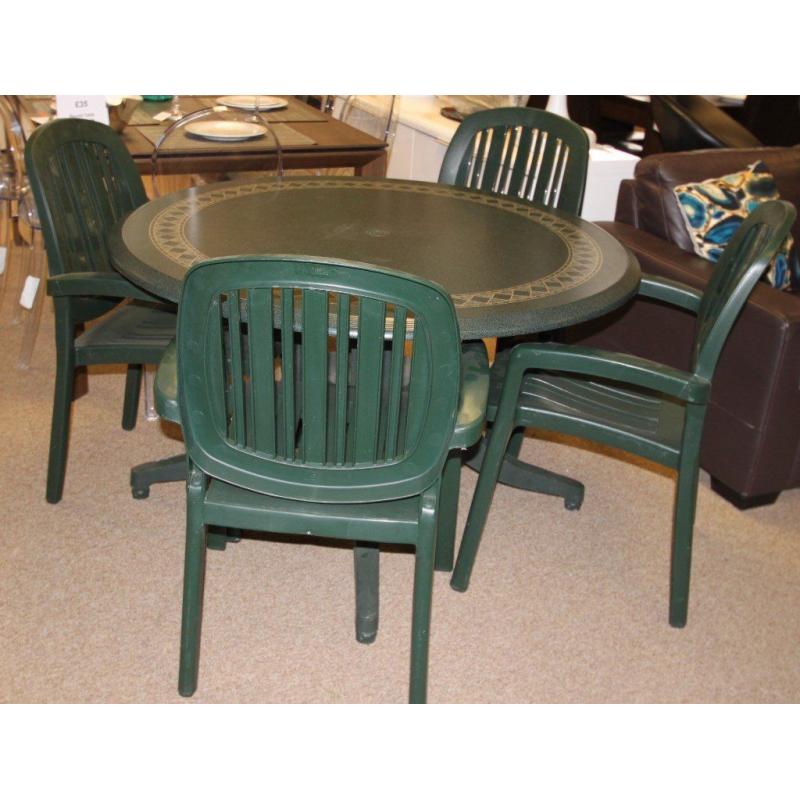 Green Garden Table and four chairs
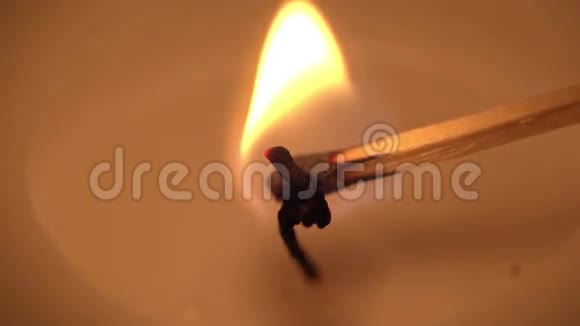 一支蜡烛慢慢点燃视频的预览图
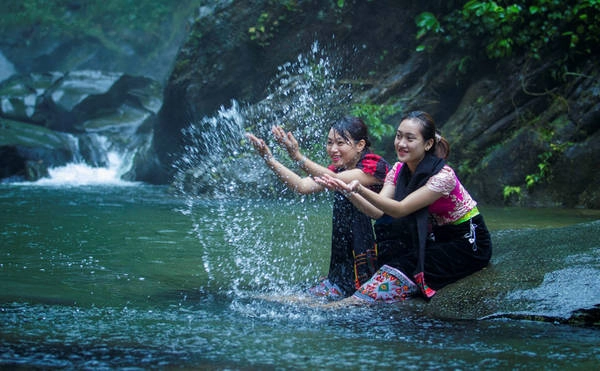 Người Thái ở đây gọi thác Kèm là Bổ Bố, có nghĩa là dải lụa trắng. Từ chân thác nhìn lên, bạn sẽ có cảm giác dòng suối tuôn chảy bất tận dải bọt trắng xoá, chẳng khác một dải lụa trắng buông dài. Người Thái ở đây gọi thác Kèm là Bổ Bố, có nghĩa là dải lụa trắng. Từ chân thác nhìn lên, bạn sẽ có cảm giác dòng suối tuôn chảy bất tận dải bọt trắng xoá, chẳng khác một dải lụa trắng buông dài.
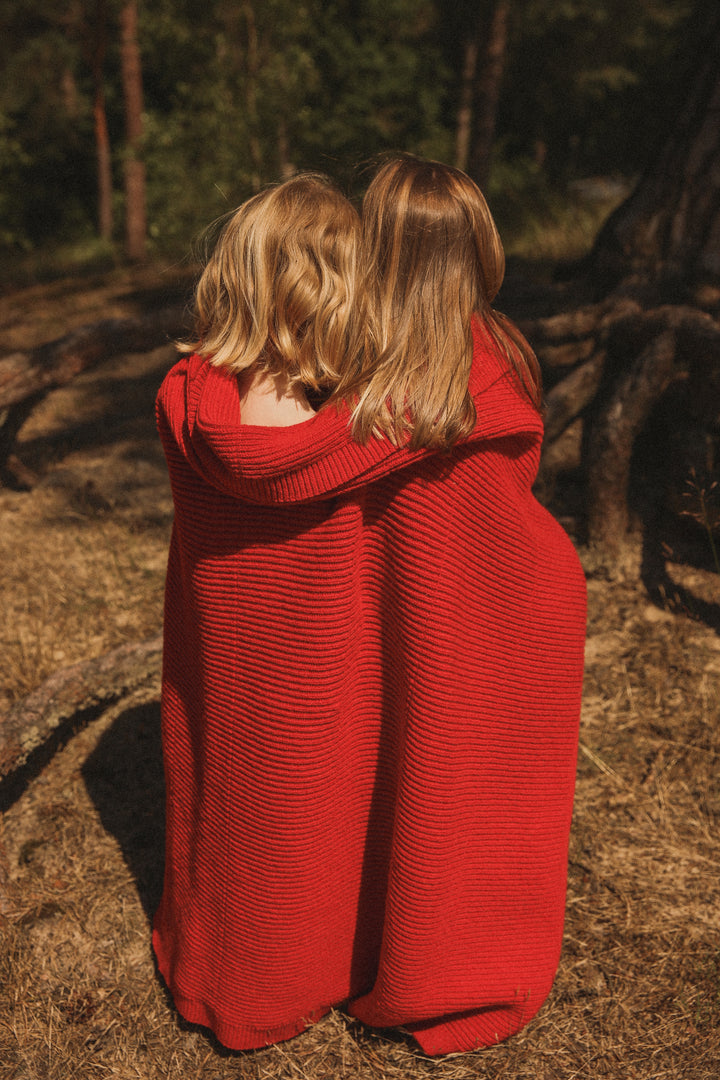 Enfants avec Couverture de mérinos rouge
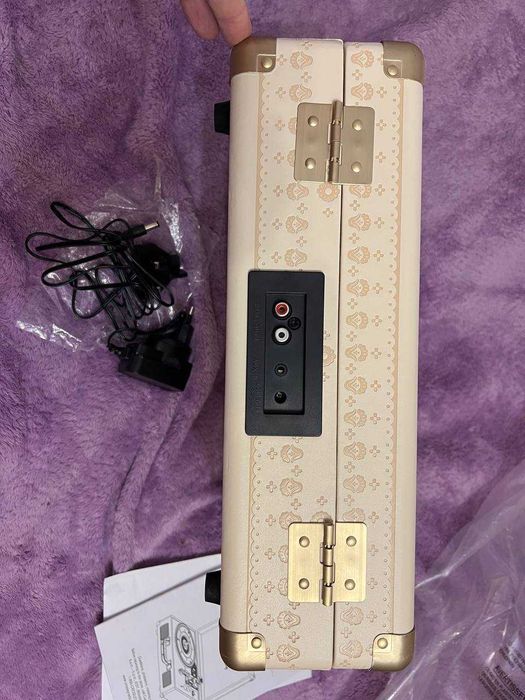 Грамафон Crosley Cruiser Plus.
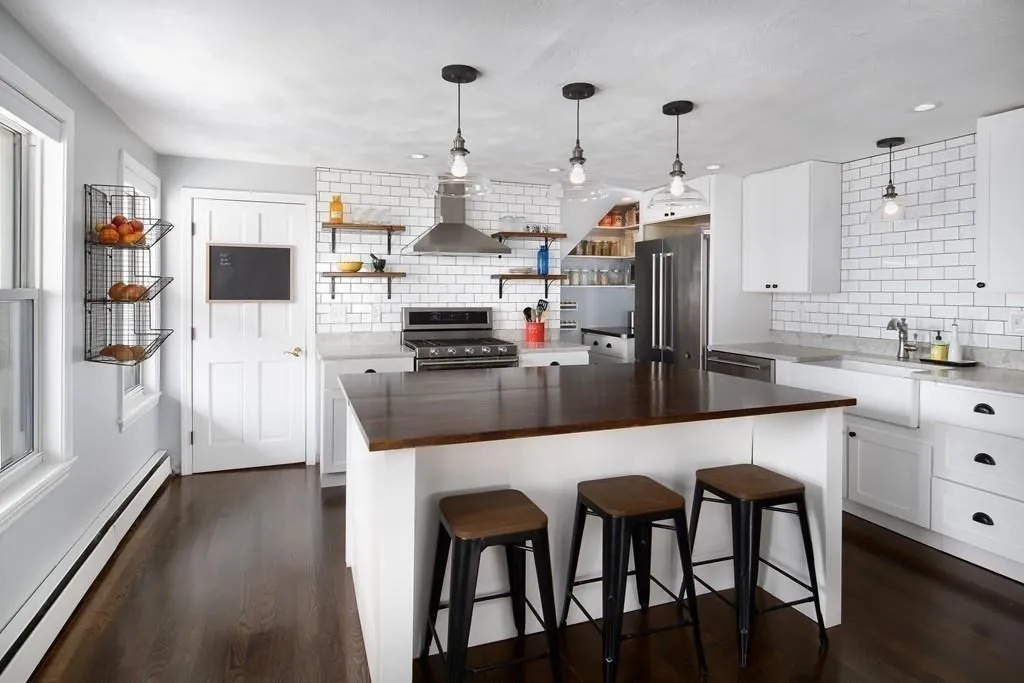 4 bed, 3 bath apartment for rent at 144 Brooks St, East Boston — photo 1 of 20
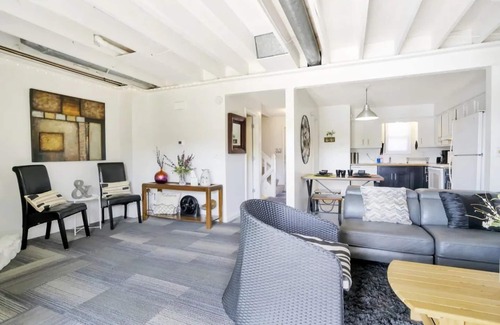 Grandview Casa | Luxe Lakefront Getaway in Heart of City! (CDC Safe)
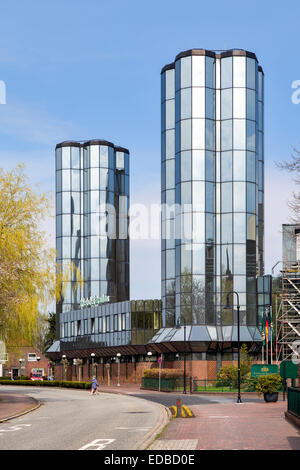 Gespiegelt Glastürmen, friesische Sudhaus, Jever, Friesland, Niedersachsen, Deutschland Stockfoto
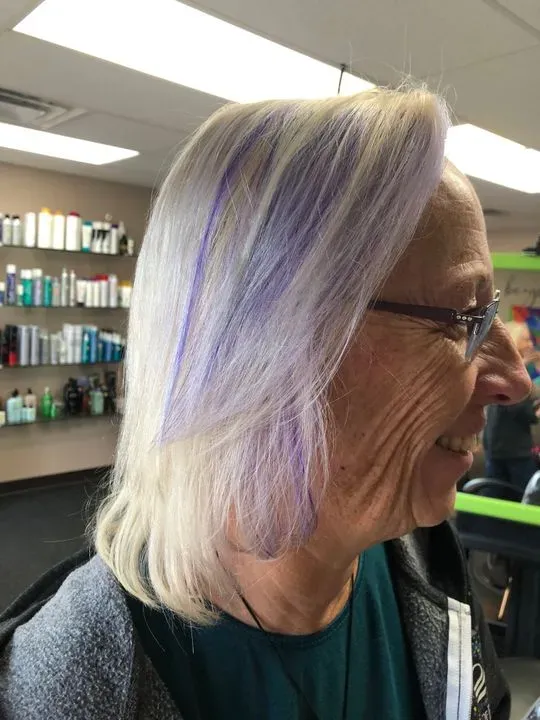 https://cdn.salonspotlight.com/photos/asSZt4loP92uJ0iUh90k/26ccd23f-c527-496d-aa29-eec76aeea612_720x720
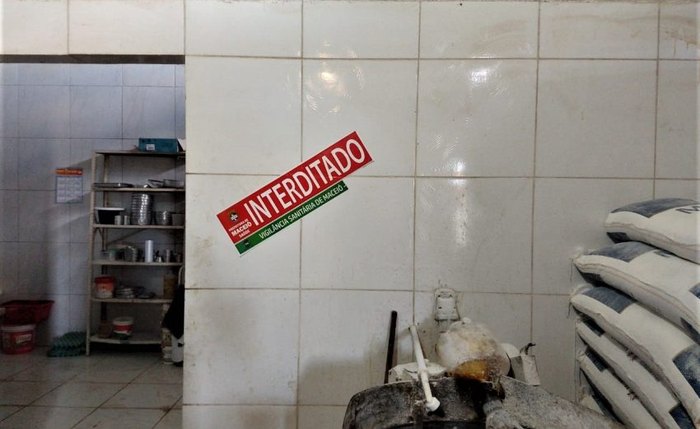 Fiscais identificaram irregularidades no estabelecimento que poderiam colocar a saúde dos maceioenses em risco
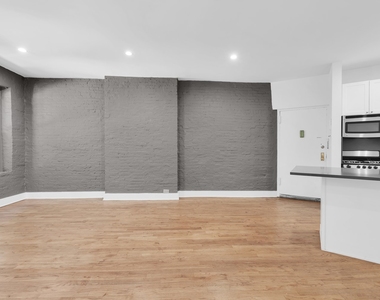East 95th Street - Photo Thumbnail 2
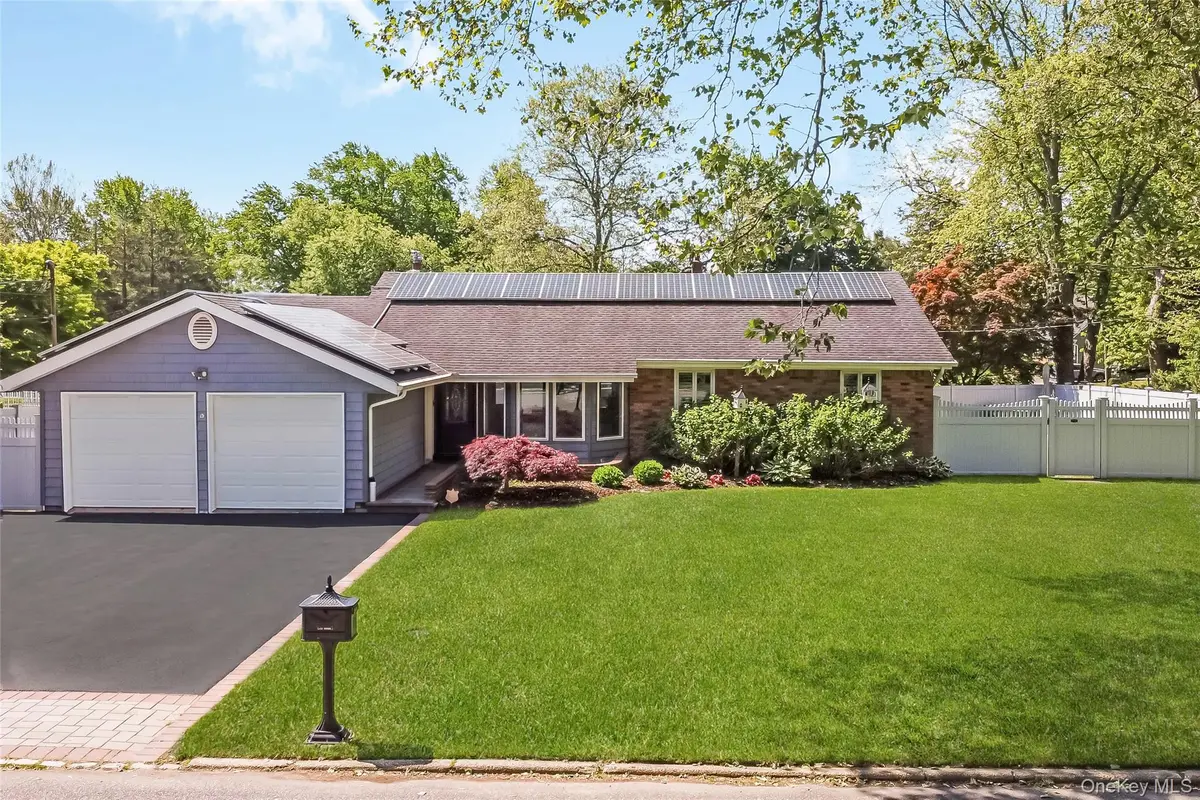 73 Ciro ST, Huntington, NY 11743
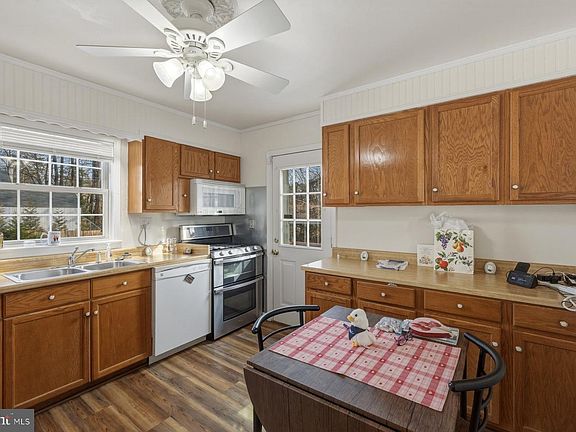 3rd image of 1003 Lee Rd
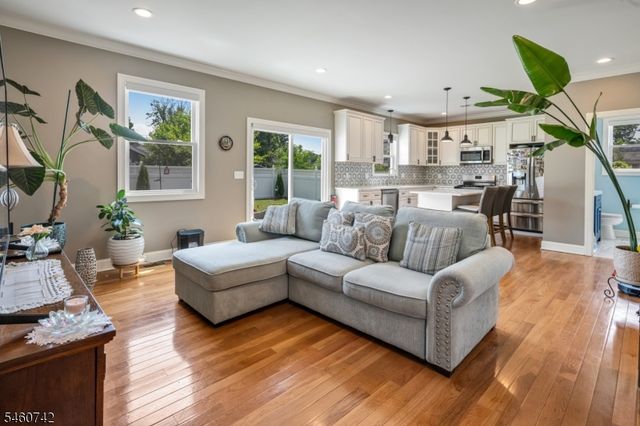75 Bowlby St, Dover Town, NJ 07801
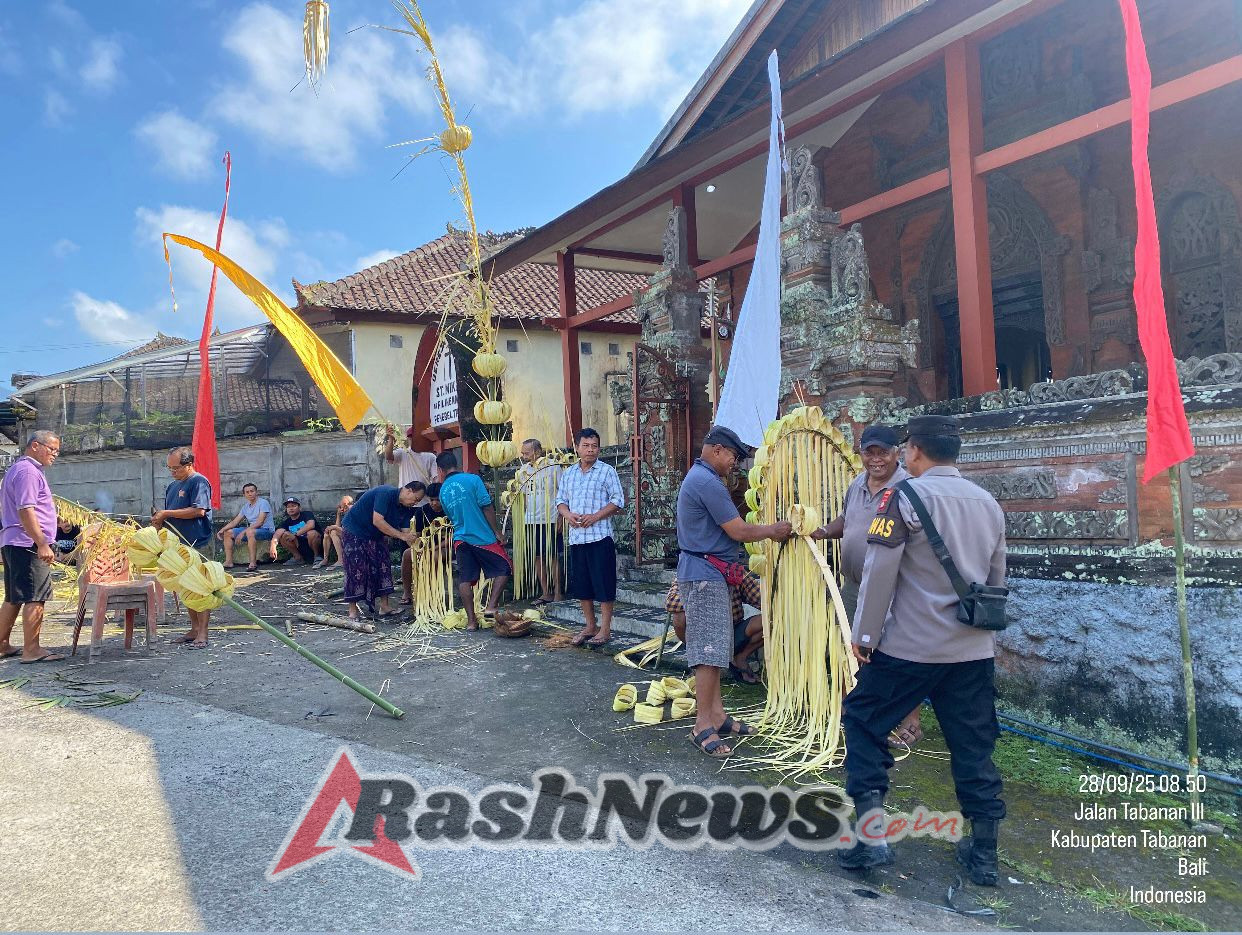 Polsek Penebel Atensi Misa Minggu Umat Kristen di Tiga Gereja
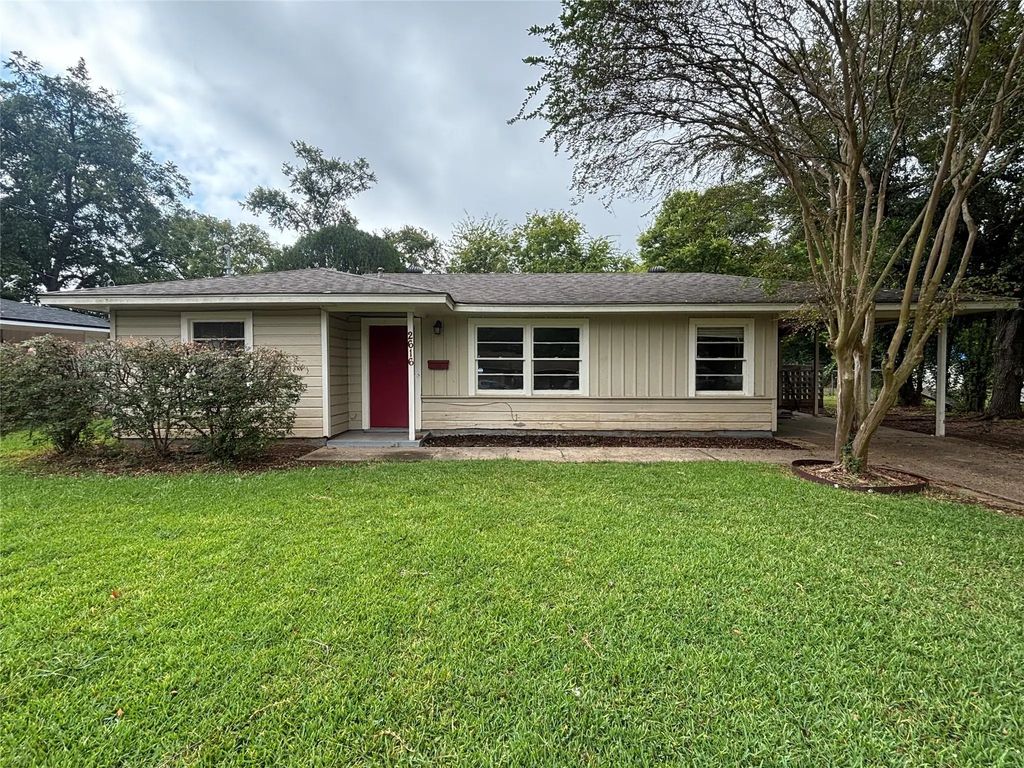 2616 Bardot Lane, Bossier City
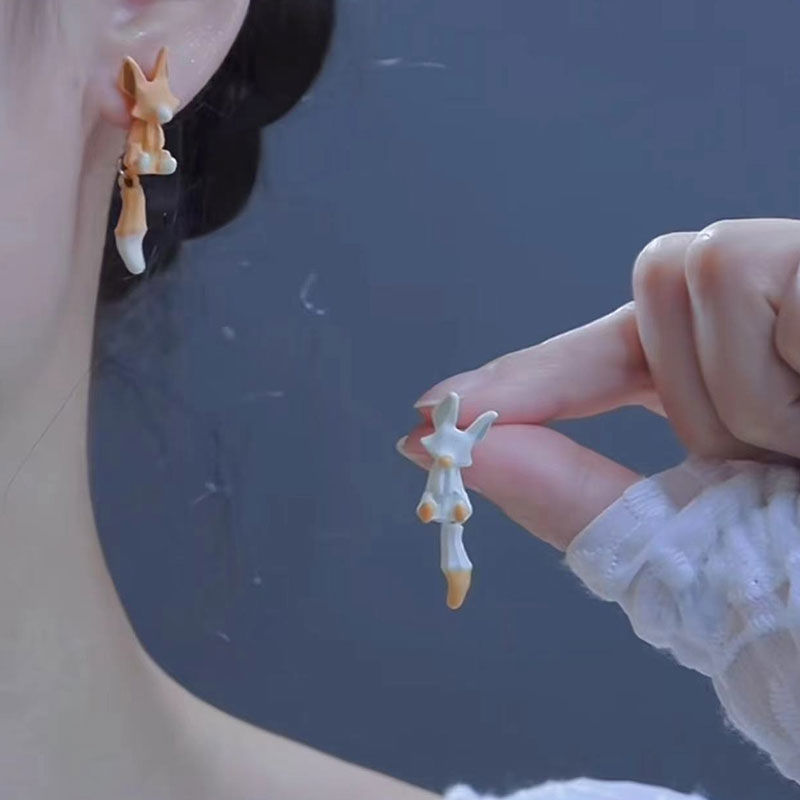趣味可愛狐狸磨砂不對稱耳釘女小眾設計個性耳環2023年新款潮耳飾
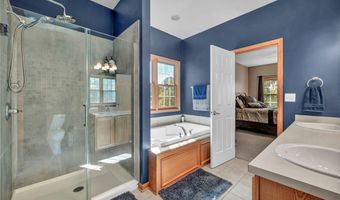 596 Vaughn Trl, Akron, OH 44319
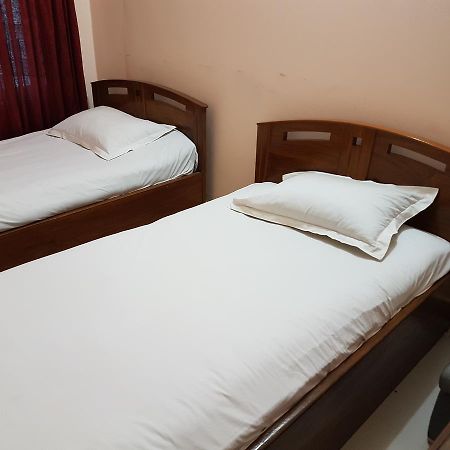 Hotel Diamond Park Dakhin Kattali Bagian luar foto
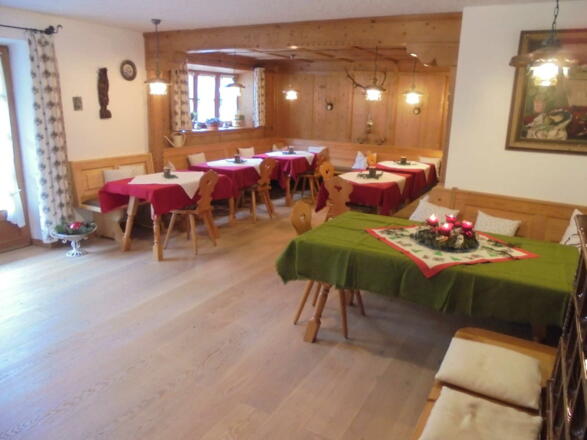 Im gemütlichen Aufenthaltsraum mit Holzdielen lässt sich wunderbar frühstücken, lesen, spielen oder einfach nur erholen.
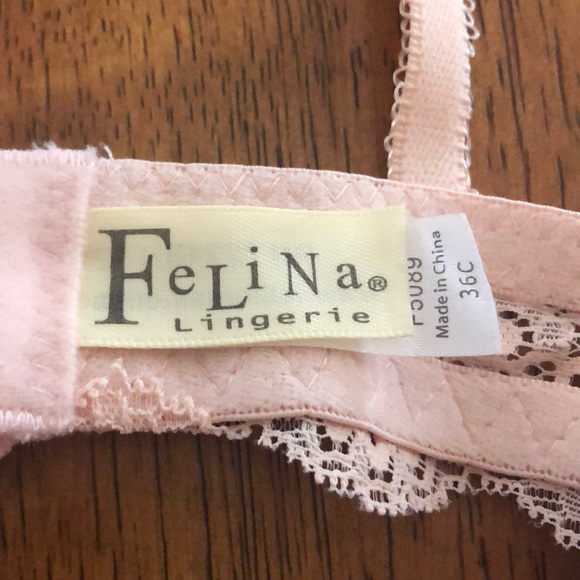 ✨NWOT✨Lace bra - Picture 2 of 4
^^^^^^^^
* Task goal
With the pictures left out, copy exactly the lines from the one containing "Hotel Diamond Park" through the last line of the data.

* Answer space
 Hotel Diamond Park Dakhin Kattali Bagian luar foto
 Im gemütlichen Aufenthaltsraum mit Holzdielen lässt sich wunderbar frühstücken, lesen, spielen oder einfach nur erholen.
 ✨NWOT✨Lace bra - Picture 2 of 4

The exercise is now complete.